L’Encyclopédie/1re édition/CENTON

Texte établi par D’Alembert, Diderot (Tome 2p. 821).

CENTON, s. m. en Poësie, piece de vers composée on entier de vers ou de passages pris de côtés & d’autres, soit dans le même auteur, soit dans différens écrivains, & disposés seulement dans une nouvelle forme ou un nouvel ordre qui compose un ouvrage, & donne à ces lambeaux un sens tout différent de celui qu’ils ont dans l’original.
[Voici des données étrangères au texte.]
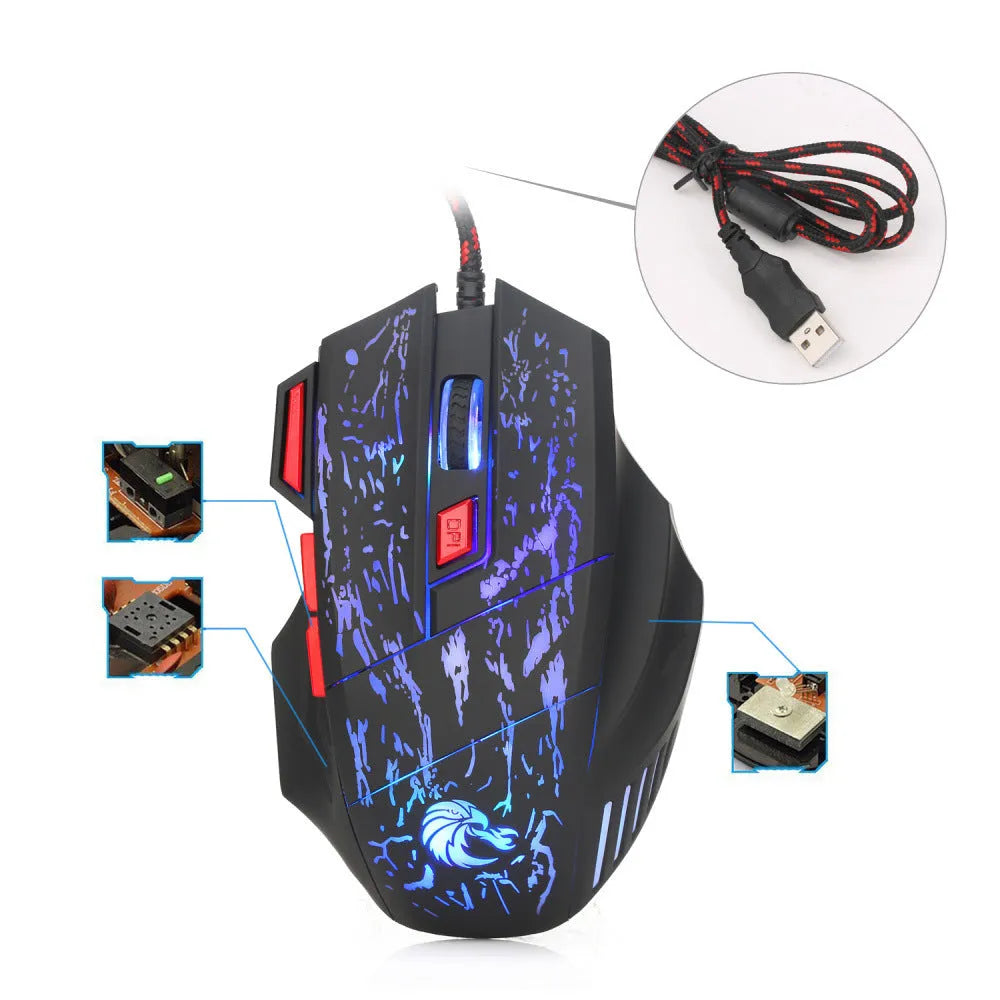 Water crack RGB wired gaming mouse with colour-changing luminous lighting and ergonomic design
Ce mot est Latin, cento, & signifie à la lettre un manteau fait de pieces rapportées : il vient du Grec {{lang[grc|κέντρον}}, qui veut dire la même chose. Les soldats Romains dans les siéges se servoient de centons, ou de vieilles étoffes rapetassées, pour se garantir des traits de l’ennemi ; & l’on couvroit aussi au même dessein les machines de guerre, les galeries, & autres choses nécessaires aux approches, de peaux de bêtes fraîchement écorchées, que les auteurs appellent centons. Voyez Centonaires.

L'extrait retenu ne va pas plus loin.